## Work to complete
Please repeat the lines below exactly. Begin with the line containing "Used 2023 Toyota" and go on through the line containing "selective focus, text, no".

## Data extracts
+++++
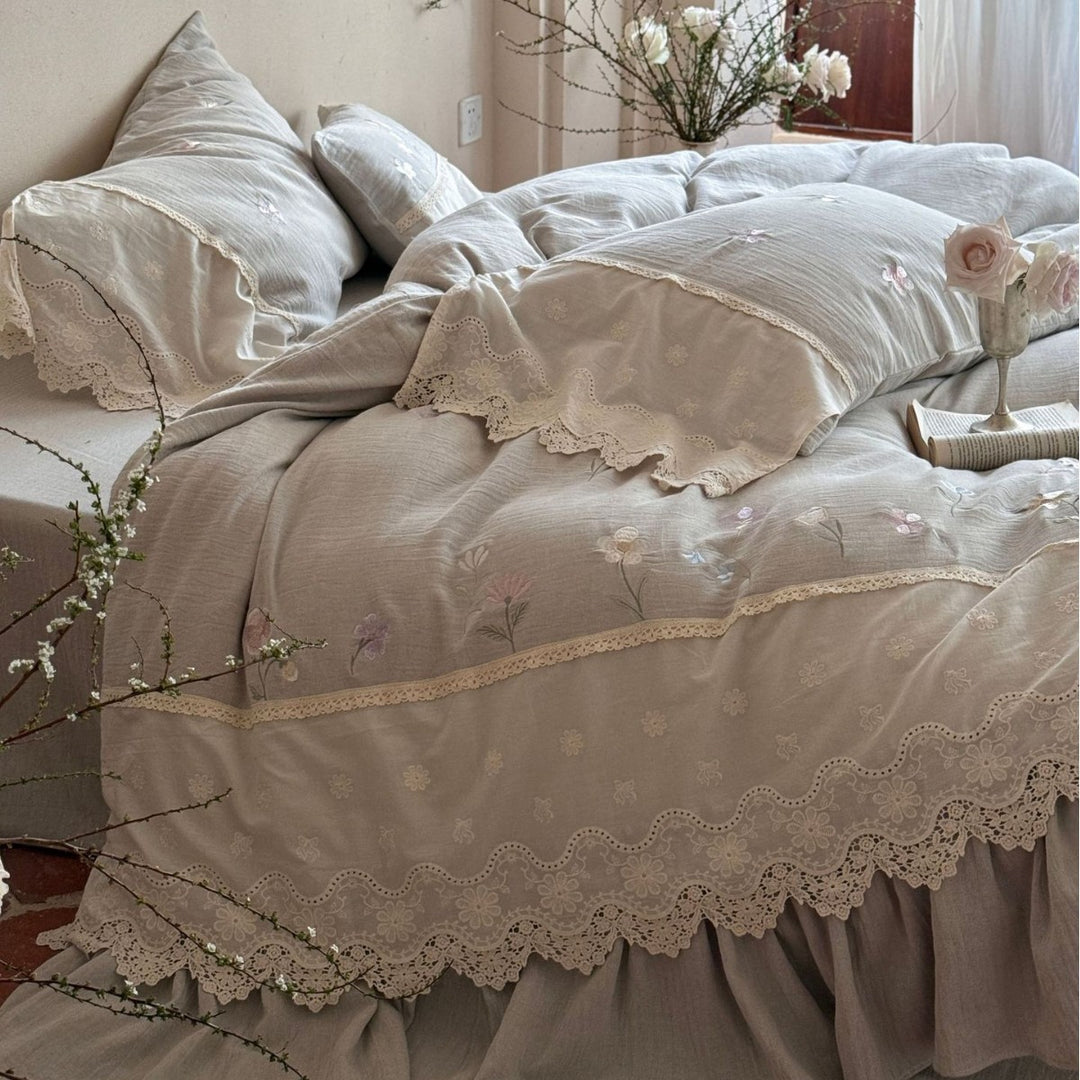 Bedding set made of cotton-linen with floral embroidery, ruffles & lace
+++++
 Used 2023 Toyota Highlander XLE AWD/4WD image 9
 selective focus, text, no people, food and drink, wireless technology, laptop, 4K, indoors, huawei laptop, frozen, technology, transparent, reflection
+++++
## Solution for this problem
 Used 2023 Toyota Highlander XLE AWD/4WD image 9
 selective focus, text, no people, food and drink, wireless technology, laptop, 4K, indoors, huawei laptop, frozen, technology, transparent, reflection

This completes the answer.